Il a été récemment montré que le NTD de la sous-unité GluN2, outre son rôle de domaine de liaison d’inhibiteurs allostériques, joue aussi un rôle majeur dans la diversité fonctionnelle au sein de la famille des récepteurs NMDA [34]. En effet, une différence fondamentale entre les sous-types de récepteurs NMDA réside dans leur probabilité d’ouverture maximale (Po : la proportion de temps que le canal passe à l’état ouvert en présence de concentrations saturantes d’agonistes). Elle va d’environ 50 % pour les récepteurs GluN1/GluN2A à environ 1 % pour les récepteurs GluN1/GluN2C et GluN1/GluN2D, en passant par une valeur intermédiaire d’environ 10 % pour les récepteurs GluN1/GluN2B [ 3537]. Ces différences fondamentales de Po, qui confèrent à chaque sous-type de récepteurs NMDA des propriétés de transfert de charge et de signalisation uniques [35], sont contrôlées par l’identité de la partie amino-terminale de la sous-unité GluN2 [34]. Curieusement, l’hétérogénéité au sein des sous-types de récepteurs NMDA ne vient donc pas de différences au niveau de la zone « cœur » contrôlant l’activation des iGluR, c’est-à-dire l’ensemble ABD/canal, mais plutôt de la partie amino-terminale de la sous-unité GluN2. Cette région distale forme un module qui, sans être strictement indispensable au fonctionnement des récepteurs NMDA, régule finement leur activité. Quel mécanisme moléculaire rend compte de ce contrôle ? Le NTD de la sous-unité GluN2 oscillerait spontanément (en l’absence de tout ligand allostérique) entre une conformation ouverte, qui favoriserait l’ouverture du canal, et une conformation fermée, qui en favoriserait la fermeture [34]. L’équilibre dynamique entre ces deux conformations du NTD différerait selon le type de sous-unité GluN2 (Figure 5B).

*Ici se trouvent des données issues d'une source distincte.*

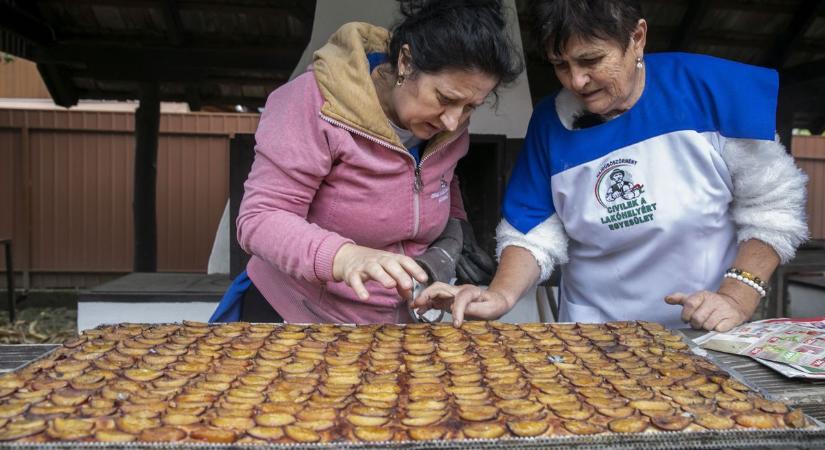 Nincs párja a kemencében sült, böszörményi házi szilvás lepénynek – recepttel, fotókkal, videóval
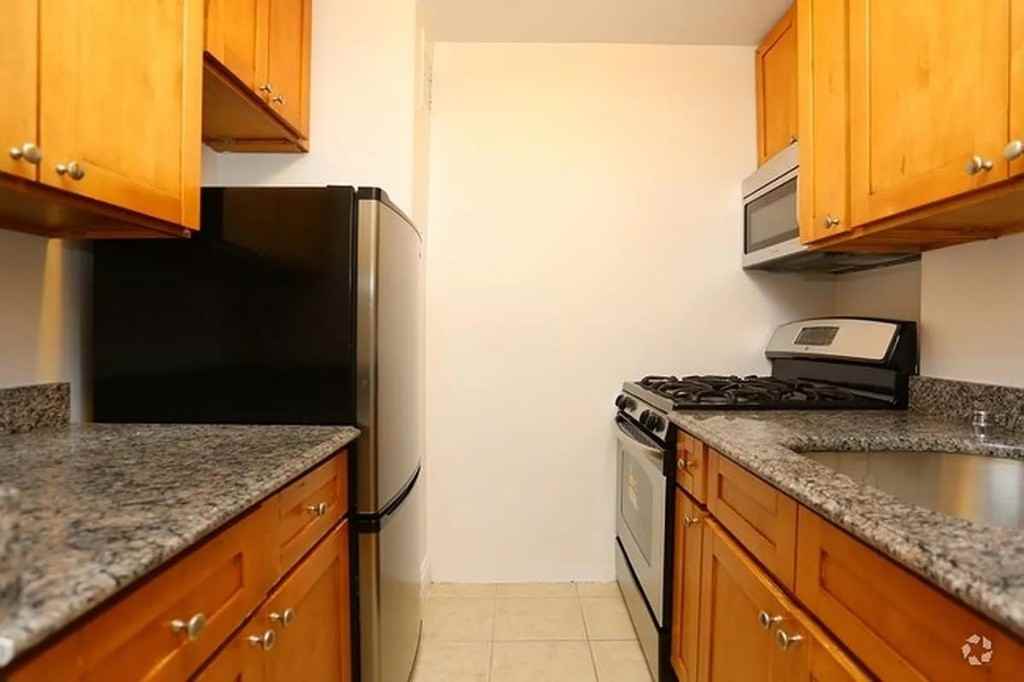 Columbus Ave 17H, New York, NY 10025 Studio Apartment for 2,925/month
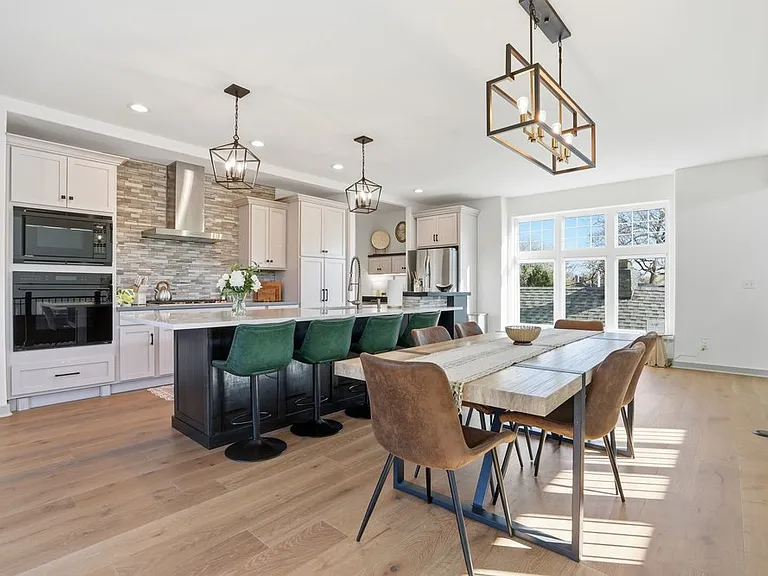 S Lewis Pl — Photo 27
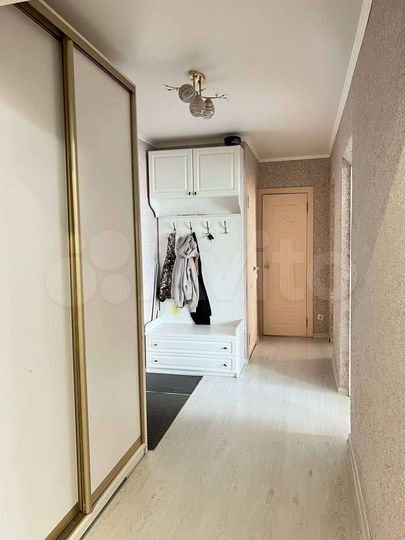 2-к. квартира, 56,5 м², 1/3 эт.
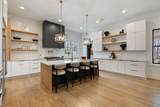 915 Glendale Ln - Photo 19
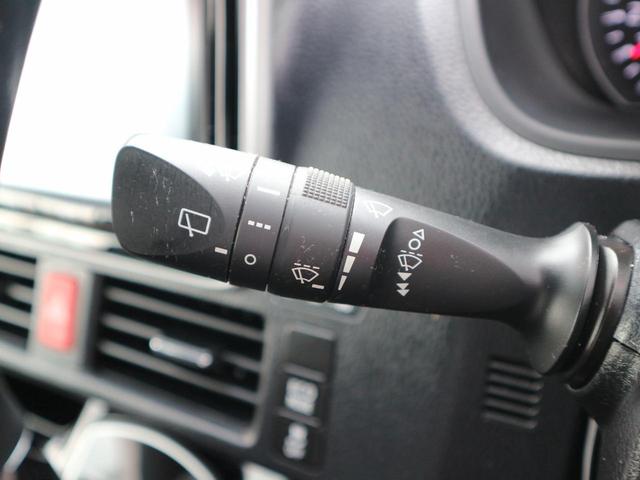 ノア Ｓｉ　純正９インチＳＤナビ　フルセグＴＶ　Ｂｌｕｅｔｏｏｔｈ　ＣＤ　ＤＶＤ　バックカメラ　フリップダウンモニター　ＥＴＣ　両側パワースライドドア　衝突被害軽減ブレーキ　クルーズコントロール　スマートキー（39枚目）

Perspectives pharmacologiques

Notre compréhension des mécanismes régissant l’activation et la modulation des iGluR s’est donc affinée au niveau moléculaire au cours des dix dernières années. Il apparaît aujourd’hui possible d’envisager le développement de nouveaux outils pharmacologiques ciblant ces récepteurs. Ainsi, des molécules qui, comme le CTZ, moduleraient positivement les récepteurs AMPA en stabilisant l’interface de dimérisation d’ABD (Figure 4) pourraient être utiles pour lutter contre les troubles cognitifs associés aux maladies neurodégénératives telles que les maladies d’Alzheimer ou de Parkinson [ 38]. L’interface de dimérisation des ABD pourrait aussi servir de cible à des composés potentialisant les récepteurs NMDA. Alternativement, un composé qui se lierait au NTD des sous-unités GluN2 et en empêcherait la fermeture devrait aussi permettre une potentialisation des récepteurs NMDA [34]. De tels modulateurs positifs pourraient être utiles dans le cadre de thérapies contre des psychoses telles que la schizophrénie étant donné l’implication probable d’un déficit d’activité des récepteurs NMDA dans ces pathologies [ 39]. Au contraire, des inhibiteurs des récepteurs NMDA pourraient aider à lutter contre des pathologies impliquant une suractivité de ces récepteurs, par exemple lors d’ischémies cérébrales consécutives à un accident vasculaire cérébral [28], ou encore dans le cas de douleurs neuropathiques [7]. Cette stratégie pourrait être adoptée par des inhibiteurs allostériques provoquant la fermeture du NTD des sous-unités GluN2. C’est le cas de l’ifenprodil et de ses dérivés qui se lient sélectivement à la sous-unité GluN2B et présentent des caractéristiques neuroprotectrices prometteuses [ 40]. Il n’en reste pas moins que la modulation pharmacologique des iGluR dans un but thérapeutique semble encore relever du numéro d’équilibriste. En effet, ces récepteurs, ubiquitaires dans le cerveau, sont indispensables au fonctionnement cérébral mais, dans le même temps, leur suractivation est délétère.

Conflit d’intérêts

L’auteur déclare n’avoir aucun conflit d’intérêts concernant les données publiées dans cet article.

 
Acknowledgments

Je remercie Laetitia Mony, Pierre Paoletti, David Stroebel et Angela Vergnano pour la relecture du manuscrit, ainsi que le ministère de la Recherche, la Fondation pour la recherche médicale (FRM) et l’Université Pierre et Marie Curie pour leur soutien.

 
Footnotes
1 AMPA : Alpha-amino-3-hydroxy-5-methyl-4-isoxazole propionic acid ; NMDA : N-méthyl-D-aspartate.